Work item:
Using the records below, quote only the span that opens with the line containing "<p>Nikšićani remizirali sa" and closes with the line containing "Изображение 2 2022", exactly and inclusively.
[[ Data open ]]
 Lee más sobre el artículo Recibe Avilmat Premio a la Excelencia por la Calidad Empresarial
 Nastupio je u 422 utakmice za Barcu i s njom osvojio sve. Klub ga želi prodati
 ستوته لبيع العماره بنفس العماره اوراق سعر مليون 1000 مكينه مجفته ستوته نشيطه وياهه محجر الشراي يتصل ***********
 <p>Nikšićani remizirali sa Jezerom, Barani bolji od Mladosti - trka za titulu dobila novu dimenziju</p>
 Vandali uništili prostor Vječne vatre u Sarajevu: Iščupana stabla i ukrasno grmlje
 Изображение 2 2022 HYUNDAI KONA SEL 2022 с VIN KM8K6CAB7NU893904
[[ Data closed ]]
[[ Data open ]]
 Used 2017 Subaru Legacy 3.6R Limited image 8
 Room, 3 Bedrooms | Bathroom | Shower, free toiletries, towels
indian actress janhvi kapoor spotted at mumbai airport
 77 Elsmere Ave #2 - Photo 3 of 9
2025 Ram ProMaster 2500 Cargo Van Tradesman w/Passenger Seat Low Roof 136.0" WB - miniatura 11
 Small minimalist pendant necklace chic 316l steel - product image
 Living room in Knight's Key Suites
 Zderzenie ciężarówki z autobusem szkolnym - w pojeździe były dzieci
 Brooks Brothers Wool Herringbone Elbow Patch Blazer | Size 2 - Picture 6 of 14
[[ Data closed ]]
[[ Data open ]]
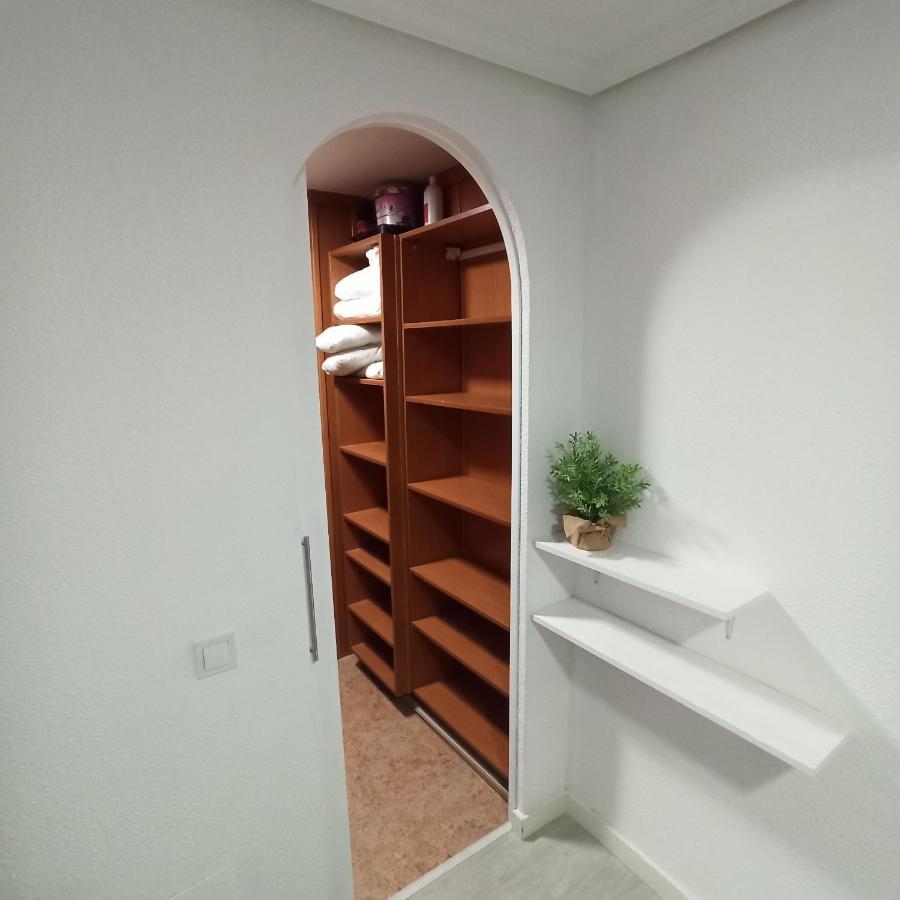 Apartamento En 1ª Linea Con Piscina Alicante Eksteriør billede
[[ Data closed ]]
Answer for this exercise:
 <p>Nikšićani remizirali sa Jezerom, Barani bolji od Mladosti - trka za titulu dobila novu dimenziju</p>
 Vandali uništili prostor Vječne vatre u Sarajevu: Iščupana stabla i ukrasno grmlje
 Изображение 2 2022 HYUNDAI KONA SEL 2022 с VIN KM8K6CAB7NU893904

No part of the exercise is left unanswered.